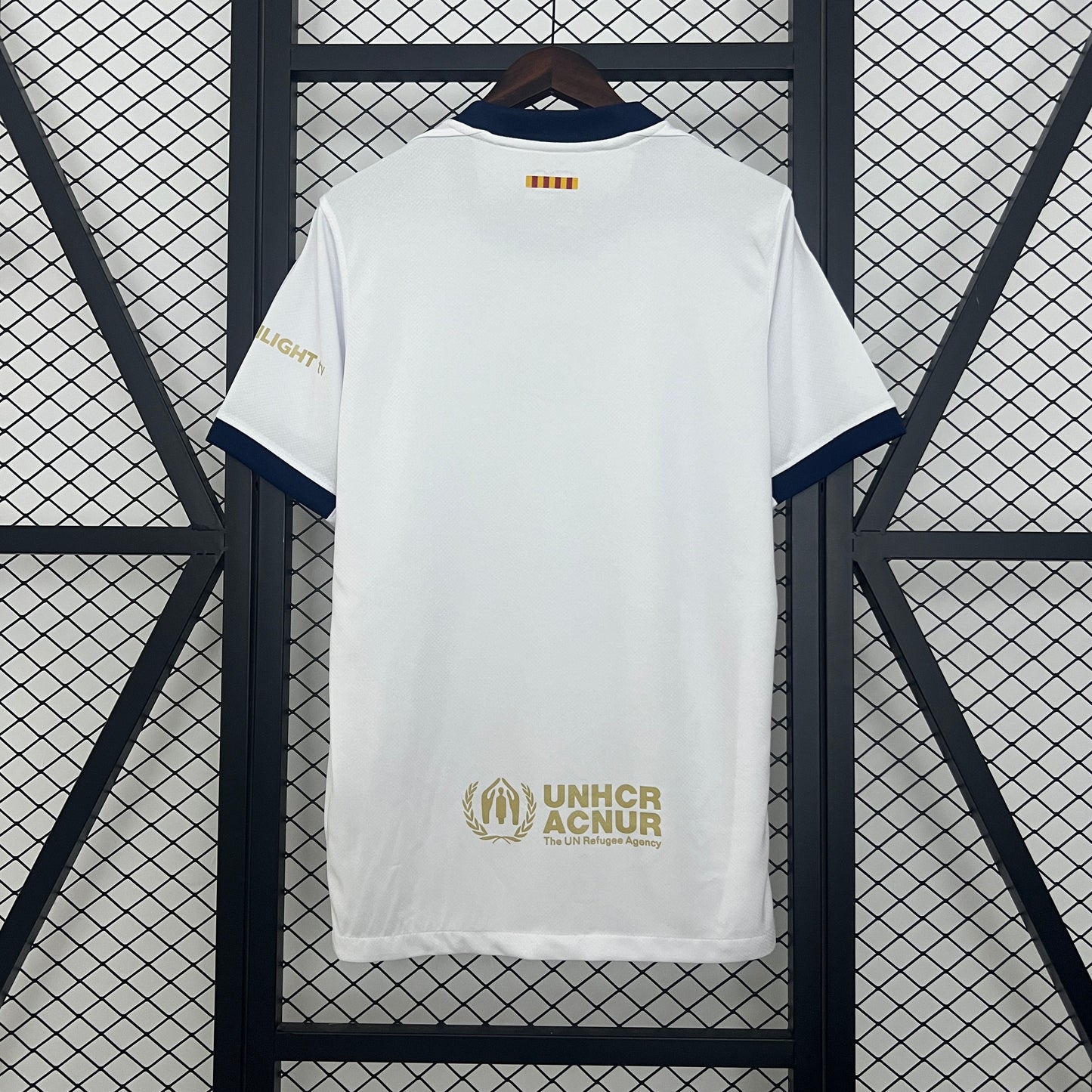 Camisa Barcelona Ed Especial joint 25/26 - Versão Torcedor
· · ·
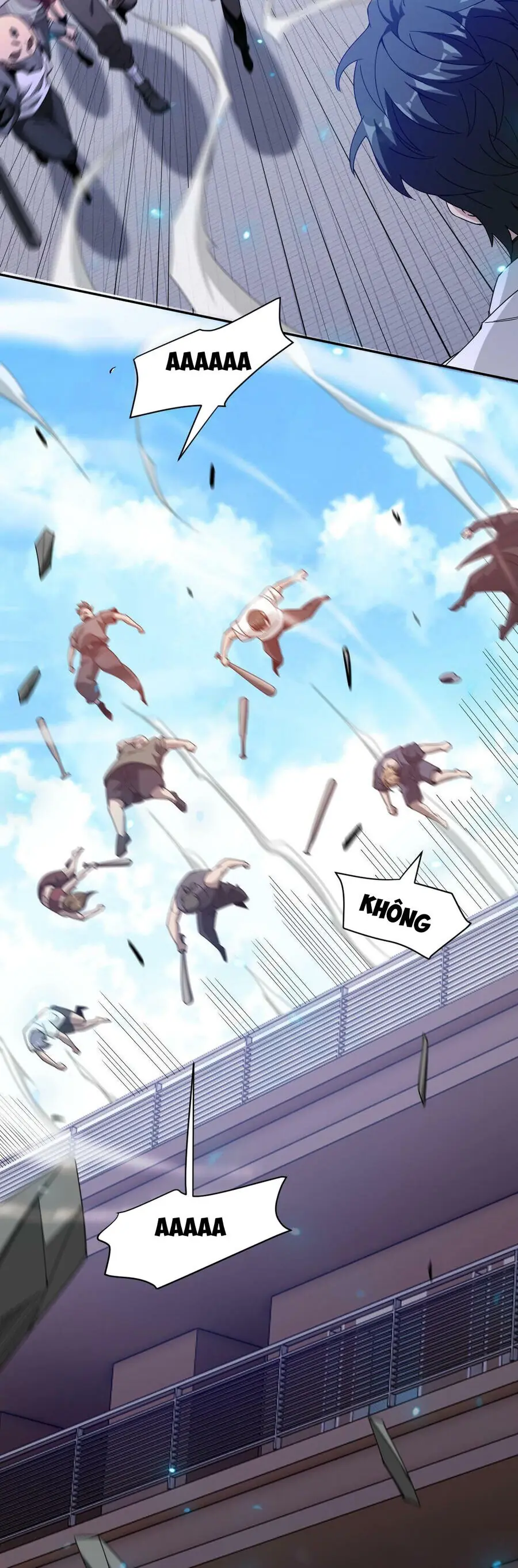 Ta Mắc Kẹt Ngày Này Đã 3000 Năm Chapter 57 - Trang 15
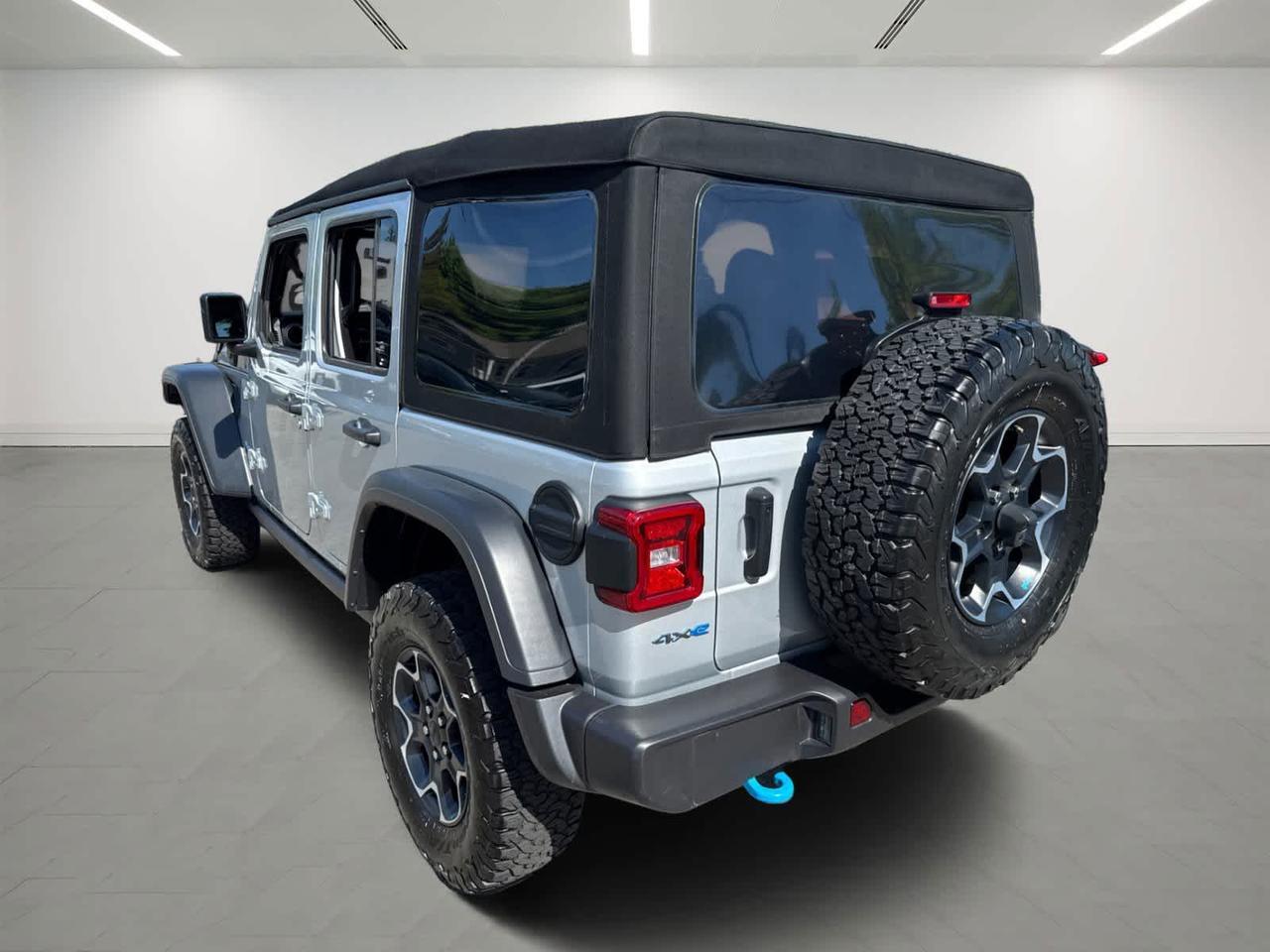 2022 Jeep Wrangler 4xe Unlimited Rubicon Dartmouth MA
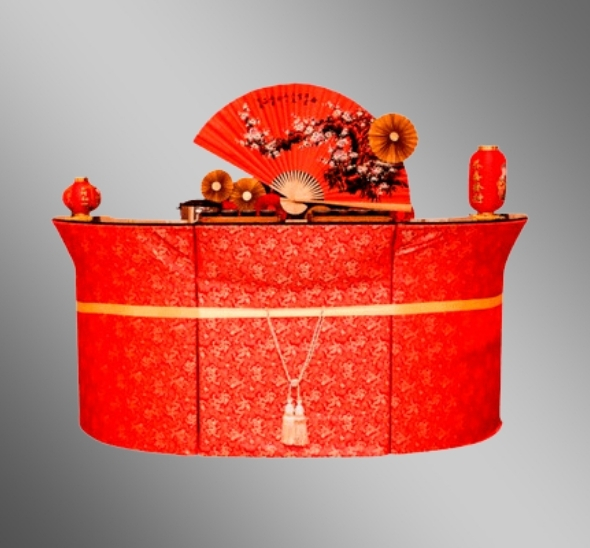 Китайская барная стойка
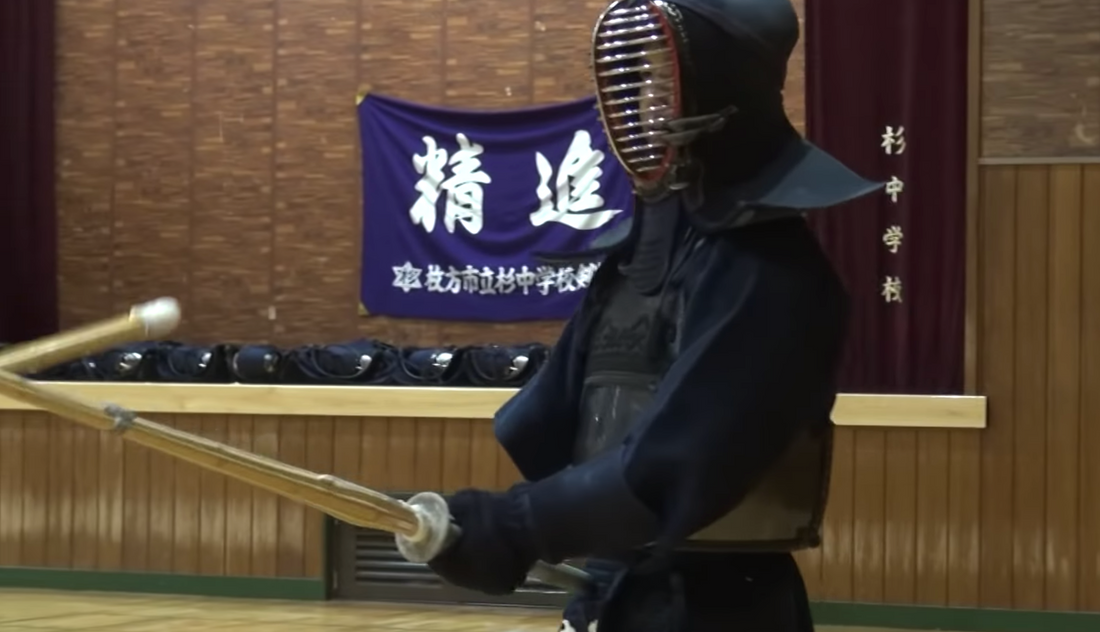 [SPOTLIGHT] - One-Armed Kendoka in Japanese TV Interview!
· · ·
EXERCISE GOAL: Once the line with "Ta Mắc Kẹt Ngày" is found in the data above, reproduce it and each line after it exactly, through the line with "[SPOTLIGHT] - One-Armed". Omit the pictures.

TASK RESULT:
 Ta Mắc Kẹt Ngày Này Đã 3000 Năm Chapter 57 - Trang 15
 2022 Jeep Wrangler 4xe Unlimited Rubicon Dartmouth MA
 Китайская барная стойка
 [SPOTLIGHT] - One-Armed Kendoka in Japanese TV Interview!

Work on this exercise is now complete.